PRWeek EU Referendum Panel: ‘Leave’ has the support of much of the UK’s press, and several instinctively pro-EU titles are not being as forceful as they might. Could this win the day for the Brexit campaign, asks pro-‘leave’ Mark Gallagher.
As first reported by PR Week 21/06/16
During the last referendum in 1975, the entire national press – with the exception of The Spectator and the Morning Star – supported Britain’s membership of the Common Market. This near unanimity was one reason for the thundering 67 per cent ‘yes’ vote achieved then, with only the Outer Hebrides conclusively voting ‘no’.
How things change.
In the subsequent 41 years, the EEC has morphed – mutated, perhaps – into the European Union and scepticism has grown to the point where the electorate now appears to be split down the middle.
The role of national newspapers in British national life has diminished in those same 41 years. But if the polls are right and both sides are neck-and-neck in 2016, then the role of the national press in these last few critical days of campaigning could be as crucial now as it was in 1975. On that basis, all may not be well for the ‘remain’ camp.
Not only is ‘leave’ supported by a little over half the national daily and Sunday press titles, but between them, these same press supporters of Brexit have an overwhelming advantage in terms of circulation – 4.65 million print editions, let alone their online equivalents or their broader readership.
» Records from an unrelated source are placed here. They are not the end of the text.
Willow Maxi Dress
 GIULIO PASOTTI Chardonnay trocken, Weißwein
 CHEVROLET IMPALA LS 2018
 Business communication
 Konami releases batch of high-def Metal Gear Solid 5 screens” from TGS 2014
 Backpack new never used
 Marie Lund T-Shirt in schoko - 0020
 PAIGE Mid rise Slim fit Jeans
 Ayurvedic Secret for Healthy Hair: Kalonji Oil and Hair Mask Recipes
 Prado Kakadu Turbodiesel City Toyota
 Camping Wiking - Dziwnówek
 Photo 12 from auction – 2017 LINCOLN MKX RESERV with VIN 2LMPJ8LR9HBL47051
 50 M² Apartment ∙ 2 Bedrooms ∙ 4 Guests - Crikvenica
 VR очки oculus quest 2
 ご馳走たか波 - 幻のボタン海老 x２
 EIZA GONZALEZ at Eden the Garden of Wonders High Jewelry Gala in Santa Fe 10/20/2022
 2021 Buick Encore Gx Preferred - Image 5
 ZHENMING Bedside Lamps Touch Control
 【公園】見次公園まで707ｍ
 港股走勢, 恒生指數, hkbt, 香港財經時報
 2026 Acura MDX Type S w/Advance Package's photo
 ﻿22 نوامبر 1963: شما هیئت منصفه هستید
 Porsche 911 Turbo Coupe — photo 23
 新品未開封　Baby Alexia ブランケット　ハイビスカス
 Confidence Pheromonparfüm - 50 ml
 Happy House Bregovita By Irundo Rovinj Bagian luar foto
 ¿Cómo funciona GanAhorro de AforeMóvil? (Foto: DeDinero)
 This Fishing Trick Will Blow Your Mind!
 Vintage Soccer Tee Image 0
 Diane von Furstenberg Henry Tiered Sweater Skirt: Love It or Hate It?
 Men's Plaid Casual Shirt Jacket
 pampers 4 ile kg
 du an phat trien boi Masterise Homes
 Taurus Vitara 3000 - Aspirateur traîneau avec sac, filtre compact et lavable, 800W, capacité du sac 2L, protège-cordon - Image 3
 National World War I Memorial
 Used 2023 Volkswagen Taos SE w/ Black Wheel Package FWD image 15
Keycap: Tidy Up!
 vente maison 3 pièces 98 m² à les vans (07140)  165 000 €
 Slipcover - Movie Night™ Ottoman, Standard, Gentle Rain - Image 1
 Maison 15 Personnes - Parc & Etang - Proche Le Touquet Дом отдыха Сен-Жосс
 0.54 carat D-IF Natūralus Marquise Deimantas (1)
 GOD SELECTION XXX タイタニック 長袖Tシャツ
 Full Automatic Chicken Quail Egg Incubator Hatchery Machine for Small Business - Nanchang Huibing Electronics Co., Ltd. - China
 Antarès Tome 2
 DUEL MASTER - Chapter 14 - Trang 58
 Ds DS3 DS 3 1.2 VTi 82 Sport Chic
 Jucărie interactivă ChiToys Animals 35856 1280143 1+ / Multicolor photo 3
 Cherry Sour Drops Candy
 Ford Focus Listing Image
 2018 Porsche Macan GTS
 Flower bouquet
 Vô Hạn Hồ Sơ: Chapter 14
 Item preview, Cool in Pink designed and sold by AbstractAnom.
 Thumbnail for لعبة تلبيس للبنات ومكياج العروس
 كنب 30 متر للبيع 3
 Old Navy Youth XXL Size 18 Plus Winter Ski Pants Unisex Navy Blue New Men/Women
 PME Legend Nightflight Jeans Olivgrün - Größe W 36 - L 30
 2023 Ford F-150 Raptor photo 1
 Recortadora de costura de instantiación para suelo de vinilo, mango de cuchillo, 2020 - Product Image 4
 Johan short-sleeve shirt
The Sun and the Daily Mail are the 600lb gorillas in this camp. But The Daily Telegraph, the Daily Star and the Daily Express titles all play their part, too.
By contrast, ‘remain’ can count on The Times, The Guardian and The FT – a collective circulation of just 758,000. You’ll see that I’ve not included the Daily Mirror’s 790,000 circulation in this analysis, and for good reason. Because while the Mirror is undoubtedly a ‘remain’ newspaper by instinct, my understanding is that well over half its readership is not. Which rather hampers its freedom of editorial manoeuvre and has led it to be more Brexit-neutral than one might expect.
Metro, the London Evening Standard and the i have another 2.5 million circulation between them, but again have tended to be rather more even-handed in their coverage.
If the vote is as close as we are led to believe, then this pro-Brexit advantage in the national press could be hugely significant. We’ll find out in a few days’ time.